Придумать такое я бы не решился. А вернее всего — не смог бы. Я гулял по парку в нашем районе Свиблово с симпатичным мужчиной моего возраста. Совершенно мне незнакомым. Наши собачки рядом гуляют — и мы тоже рядом. Обычное дело. Тихое, благостное утро, и разговор наш тихий, благостный. Хотя говорили о политике, о прошлом, о будущем.
— А если на этой волне общего недовольства к власти снова придут коммунисты? — спрашивал он. — И что тогда будет?
— Как бы сажать не начали…
— А что, разве сажали? — спросил он.
— Как это так? — не понял я.
— Да никого они не сажали, это все разговоры непонятно откуда! — уверенно сказал он.
— А вы деда своего помните? — вдруг спросил я.
— Нет, мама говорила, что последнее письмо от него получила из Нагаевской бухты в 42-м году…
(Нагаева бухта в страшной памяти миллионов и миллионов. Сюда шли с Большой земли пароходы с заключенными, здесь начиналась для них Колыма.)
— А бабушку? — спросил я.
— Тоже нет. Она умерла в ссылке, в Акмолинске.
(Под Акмолинском, ныне город Астана, столица Казахстана, был АЛЖИР — Акмолинский Лагерь Жен Изменников Родины.)
Разговор наш проходил без всякого политического, мировоззренческого накала. Тихий, спокойный, можно сказать — благостный.
— Ну вот, а вы говорите, что не сажали, — как бы пожурил его я, мягко, но с некоторым удивлением в голосе.
— А я как-то не думал… — тоже удивился мой собеседник.
Вот и скажите: можно ли такое придумать. Это, конечно, страшно: знать — и не думать. Но он хотя бы знал на страшном опыте своей семьи. Когда-нибудь, глядишь, и подумал бы. А сколько таких, которые вообще и почти ничего не знают?

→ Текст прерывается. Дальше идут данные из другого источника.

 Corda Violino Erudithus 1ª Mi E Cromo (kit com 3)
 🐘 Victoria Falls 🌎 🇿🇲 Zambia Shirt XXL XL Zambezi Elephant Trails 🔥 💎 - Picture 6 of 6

Осмелюсь утверждать, что народ почти и не знает о преступлениях Ленина-Сталина и всей их системы. Когда в Юхнове или Ялуторовске бабушке с портретом Ленина рассказываешь, что коммунисты расстреливали священников именно в рот (смертельная пародия на причастие!), она ужасается и не верит: «Не может быть…» Не знает.